▶ [Exercise description] Below are some records. Return exactly their lines from the one containing "Studio 20m² vue" through the one containing "Pyrex Felpa donna", and drop the pictures.

[Brief descriptive captions]

····················

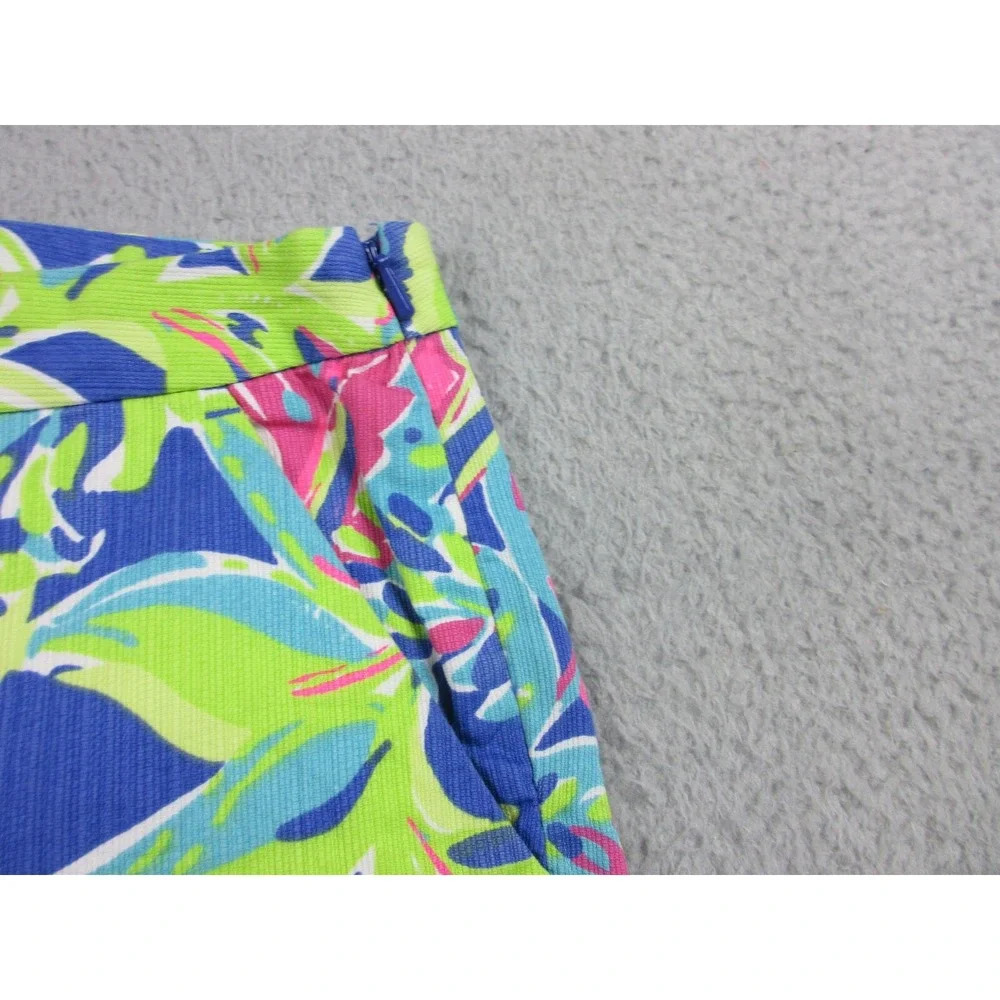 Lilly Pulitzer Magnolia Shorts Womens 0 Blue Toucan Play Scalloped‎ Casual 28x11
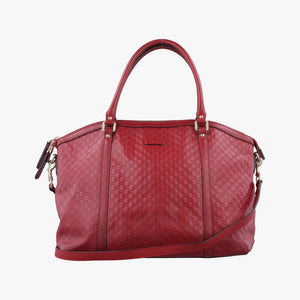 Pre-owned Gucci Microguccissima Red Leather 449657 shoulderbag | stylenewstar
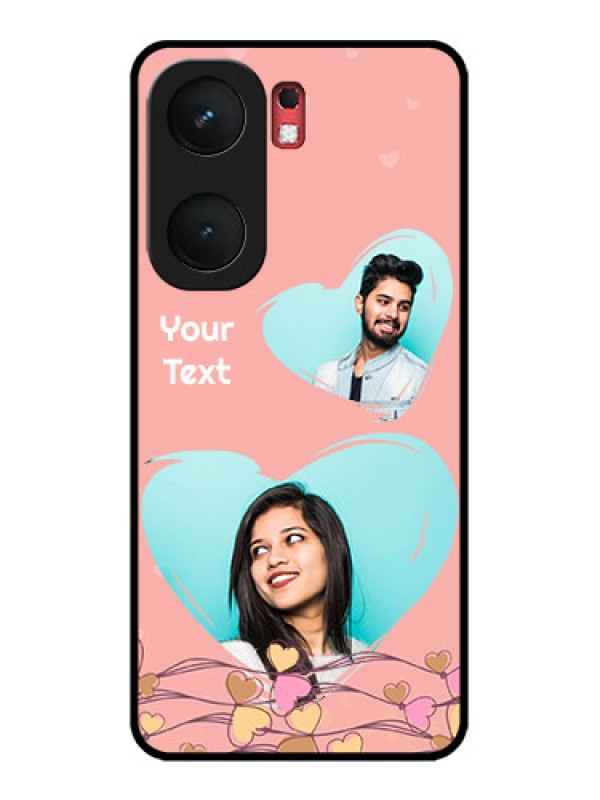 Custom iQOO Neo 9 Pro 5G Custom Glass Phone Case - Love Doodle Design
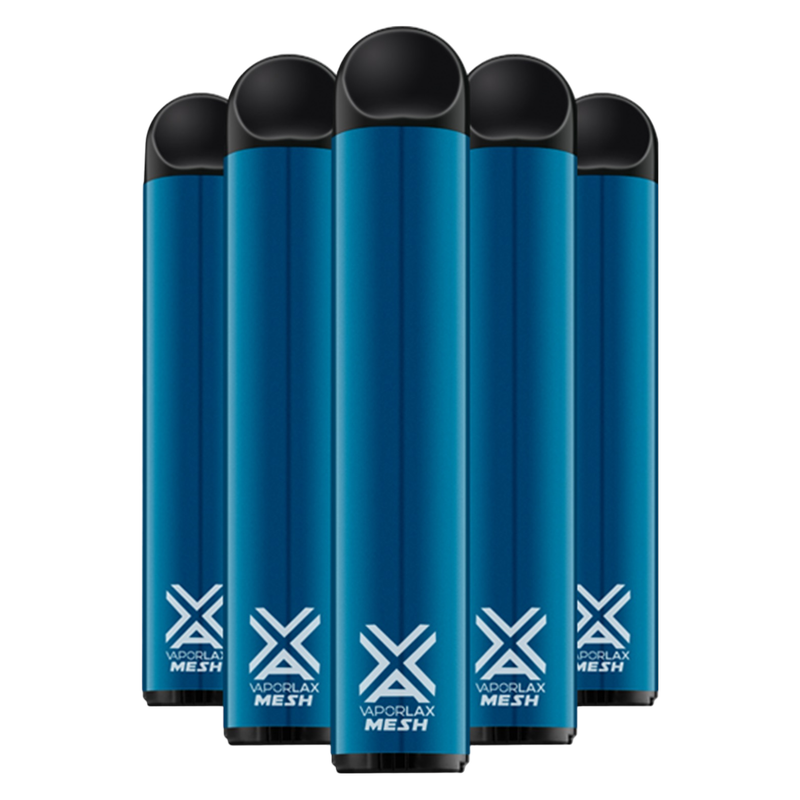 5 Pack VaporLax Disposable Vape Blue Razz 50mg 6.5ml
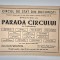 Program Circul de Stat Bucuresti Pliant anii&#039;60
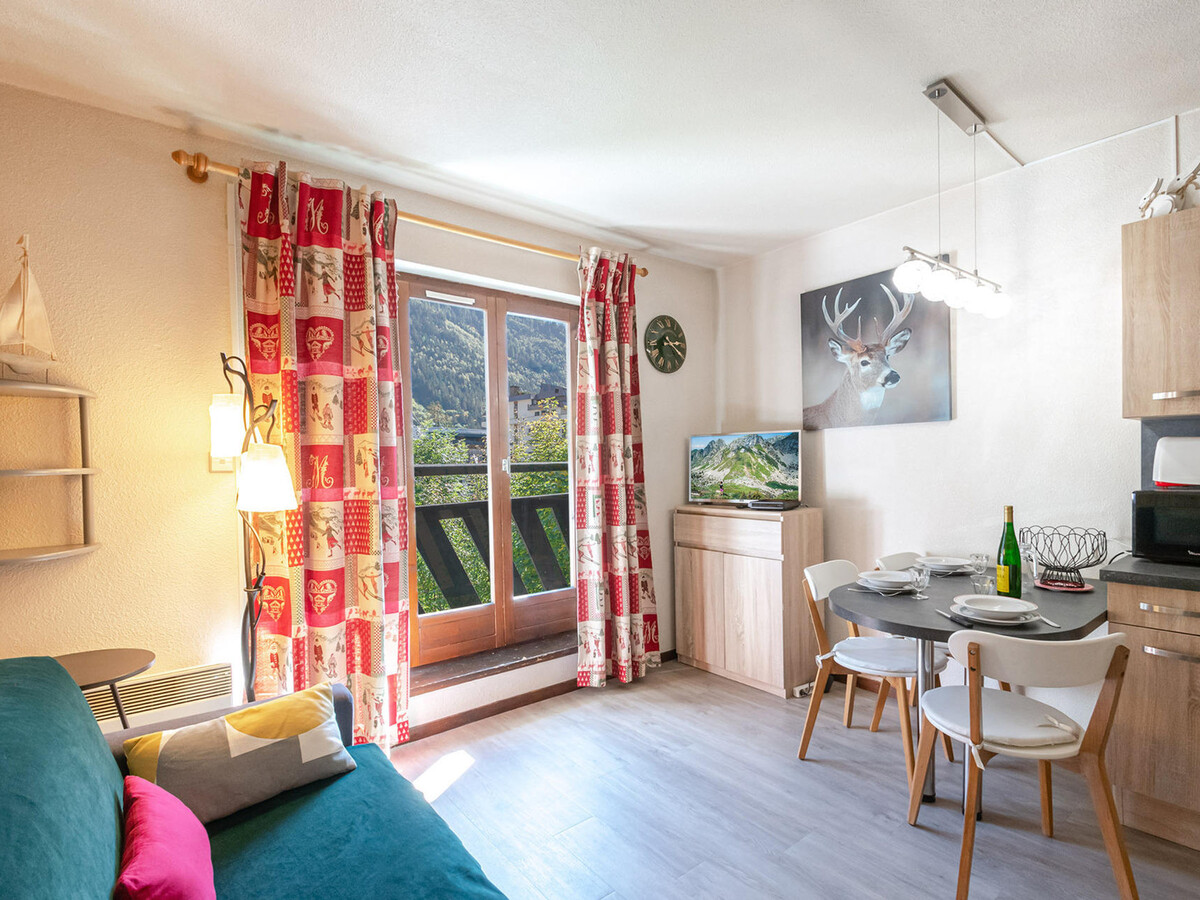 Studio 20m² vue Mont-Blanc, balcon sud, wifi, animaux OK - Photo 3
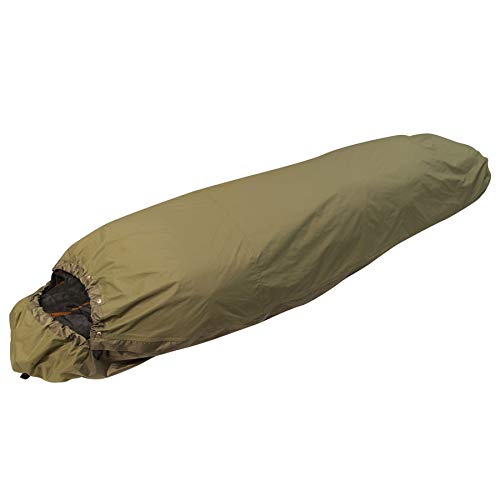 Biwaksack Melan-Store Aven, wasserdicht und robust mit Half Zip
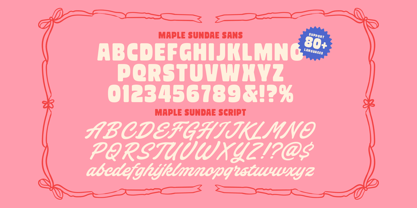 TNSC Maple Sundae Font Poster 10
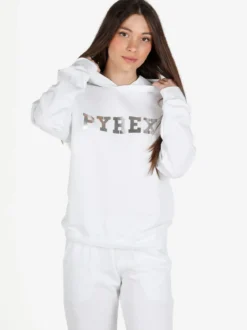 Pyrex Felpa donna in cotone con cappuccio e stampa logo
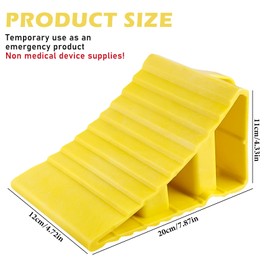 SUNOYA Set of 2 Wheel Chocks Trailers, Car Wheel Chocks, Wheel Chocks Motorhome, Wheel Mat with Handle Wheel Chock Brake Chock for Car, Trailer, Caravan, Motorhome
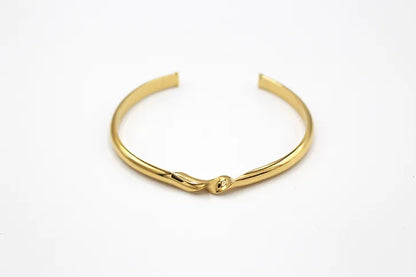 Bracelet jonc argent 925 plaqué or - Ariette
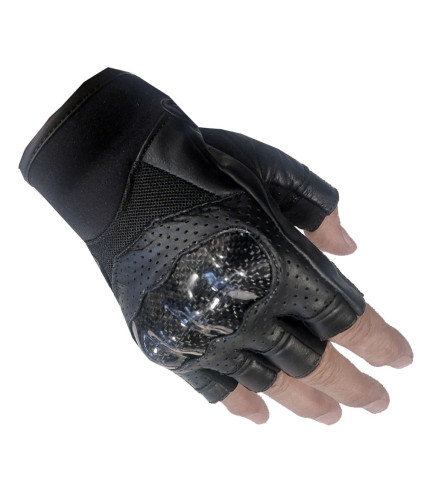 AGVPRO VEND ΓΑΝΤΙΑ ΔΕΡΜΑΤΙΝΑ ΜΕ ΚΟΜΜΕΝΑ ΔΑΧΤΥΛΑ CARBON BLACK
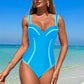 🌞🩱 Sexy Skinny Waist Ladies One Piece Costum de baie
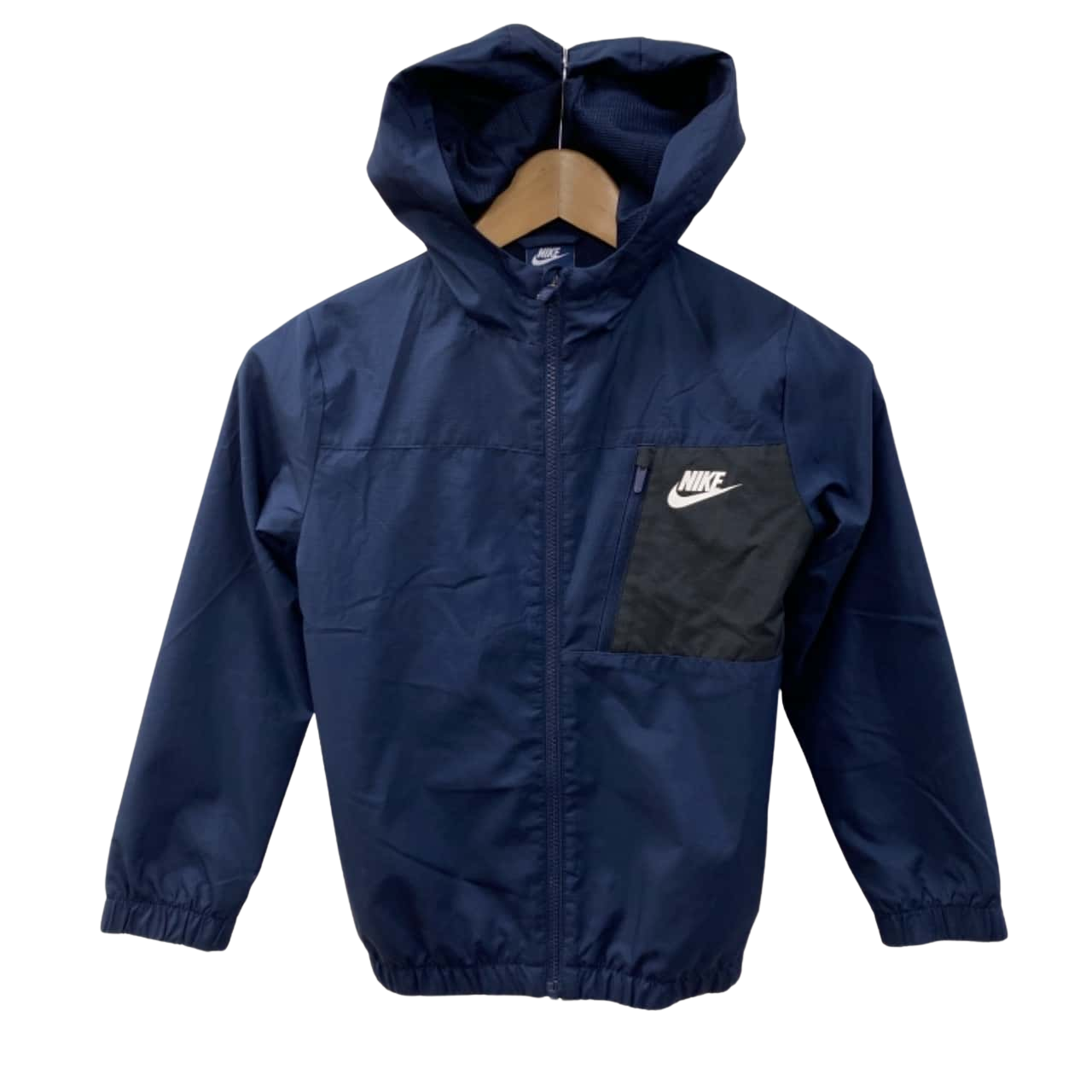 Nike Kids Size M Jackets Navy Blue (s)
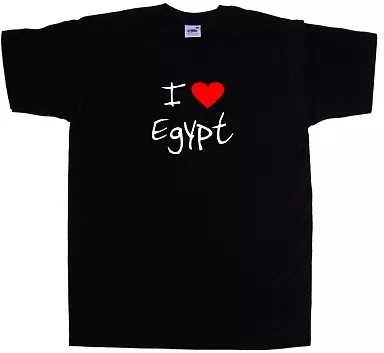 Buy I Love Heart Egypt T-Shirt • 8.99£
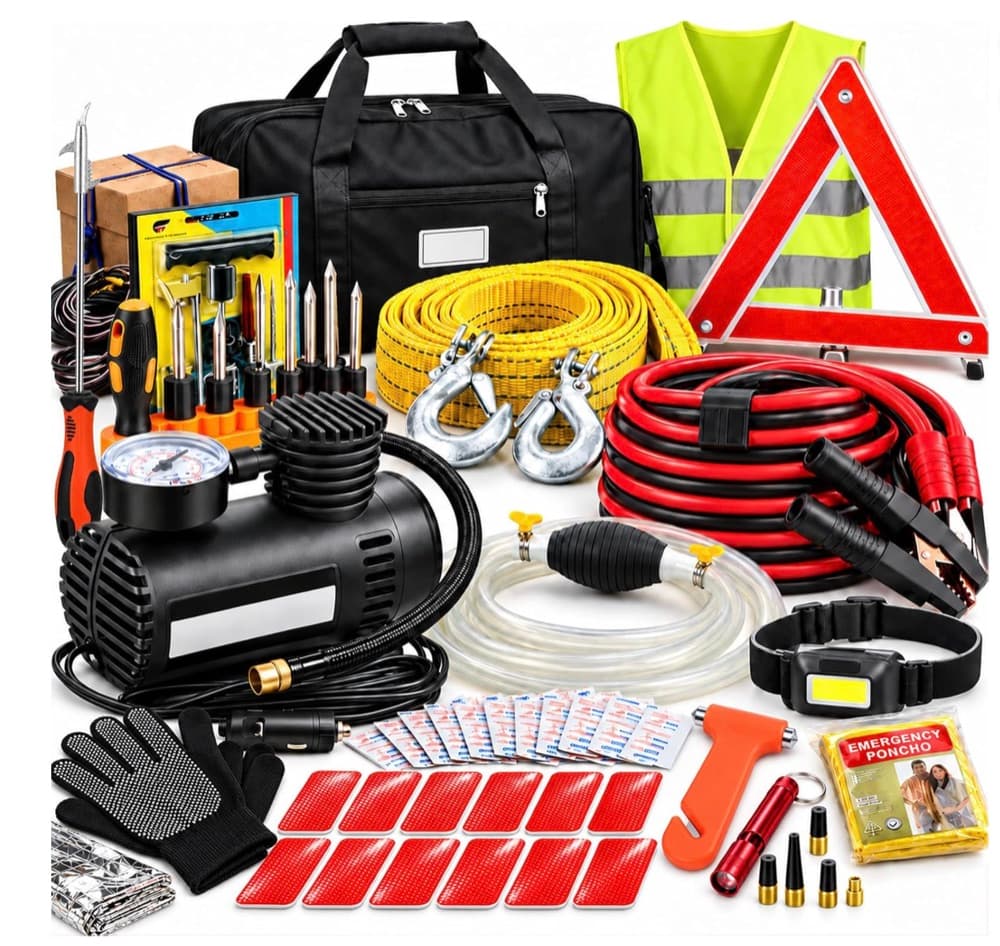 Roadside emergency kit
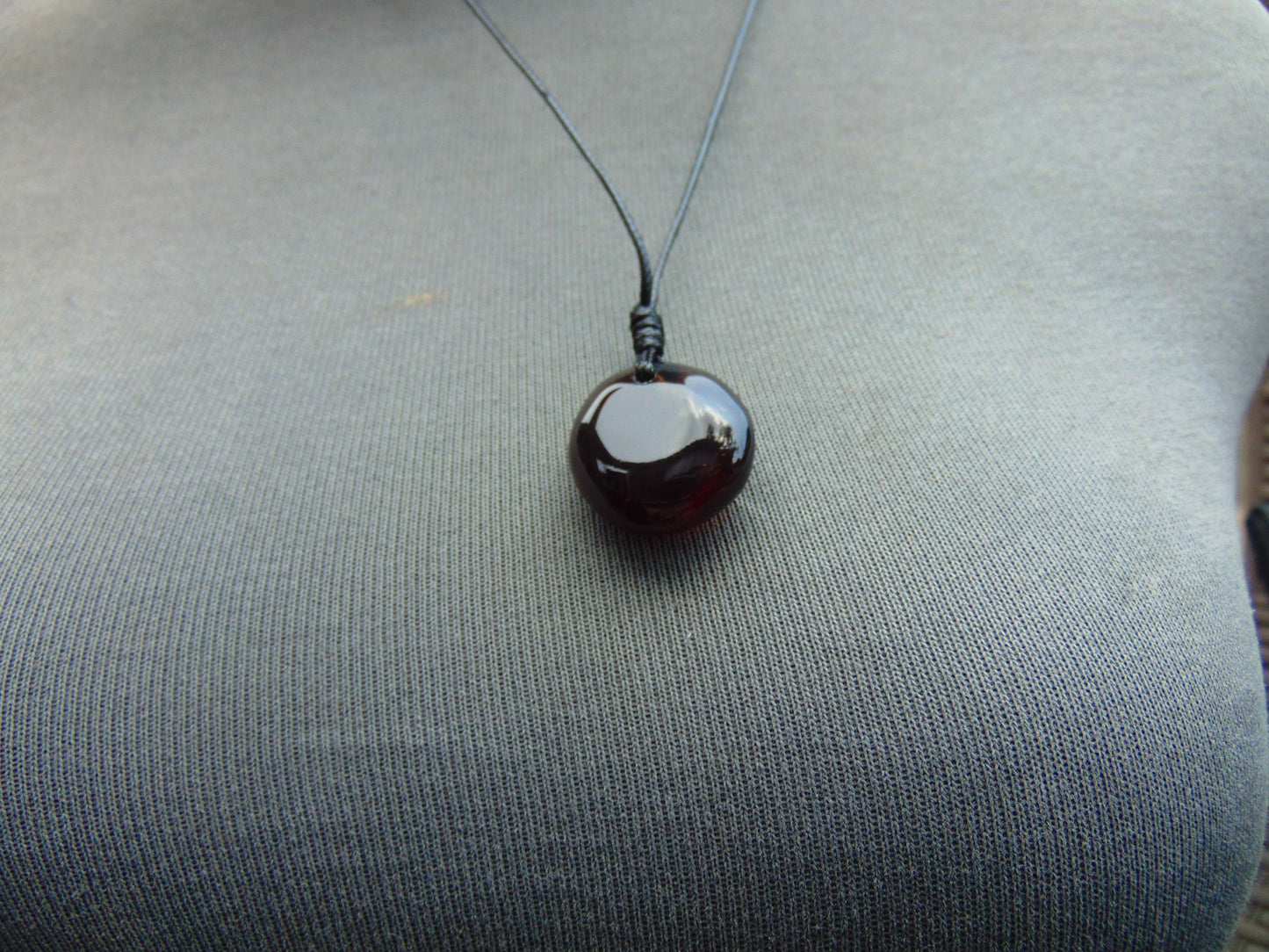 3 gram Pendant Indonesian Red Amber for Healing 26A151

····················

▶ [Result for this task]
 Studio 20m² vue Mont-Blanc, balcon sud, wifi, animaux OK - Photo 3
 Biwaksack Melan-Store Aven, wasserdicht und robust mit Half Zip
 TNSC Maple Sundae Font Poster 10
 Pyrex Felpa donna in cotone con cappuccio e stampa logo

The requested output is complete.